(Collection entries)
━━━
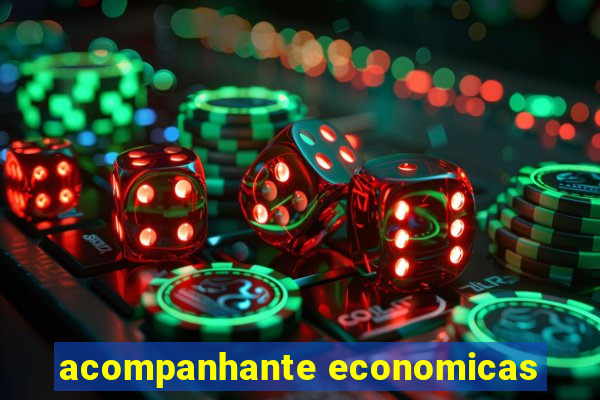 acompanhante economicas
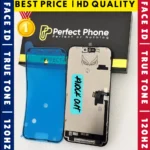 iPhone 16pro Max HD LCD Screen Replacement-KnockOut-Incell - Perfect Phone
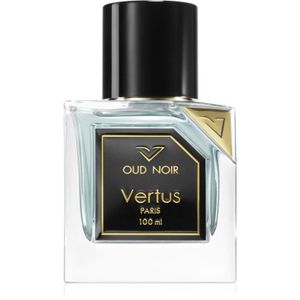 Vertus Paris Oud Noir Unisex EDP 100 ml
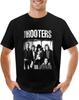 La T-shirt da uomo Hooters T-shirt Grafica Vestiti Carini Magliette Divertenti da Uomo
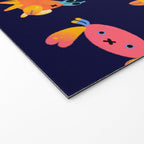 Crab Welcome Mat Gallery Image 2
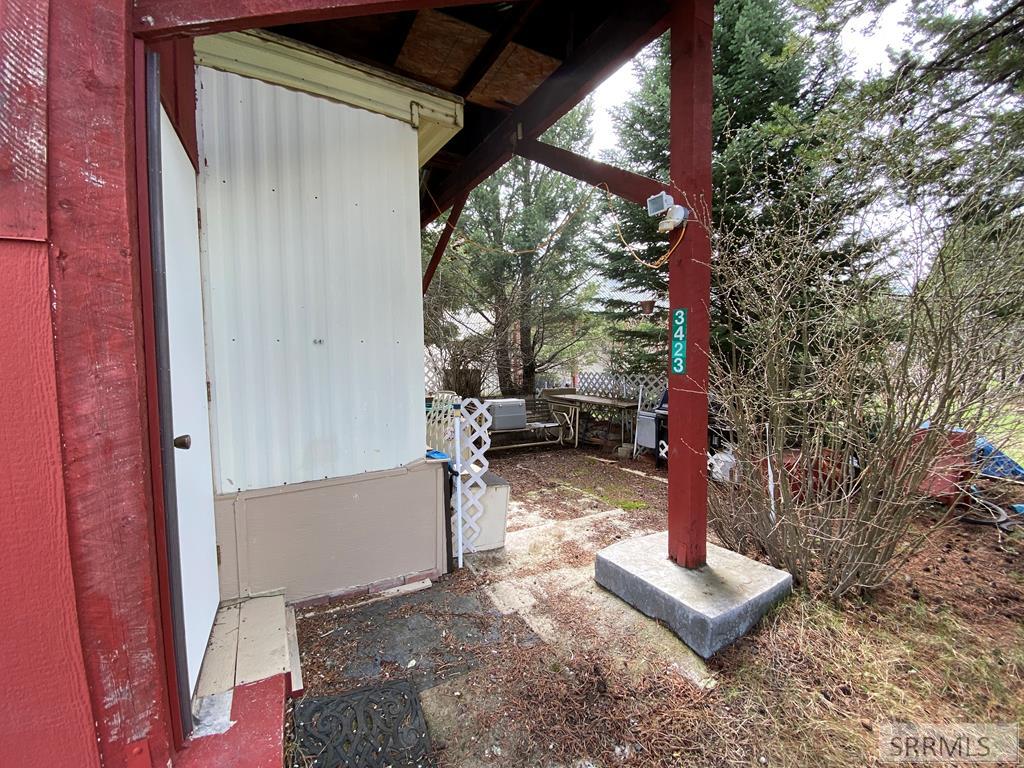 3423 Oakwood Drive, ISLAND PARK, Idaho image 14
━━━
What to do: Quote each record exactly as it stands, minus the pictures.

Solution to the problem:
 acompanhante economicas
 iPhone 16pro Max HD LCD Screen Replacement-KnockOut-Incell - Perfect Phone
 Vertus Paris Oud Noir Unisex EDP 100 ml
 La T-shirt da uomo Hooters T-shirt Grafica Vestiti Carini Magliette Divertenti da Uomo
 Crab Welcome Mat Gallery Image 2
 3423 Oakwood Drive, ISLAND PARK, Idaho image 14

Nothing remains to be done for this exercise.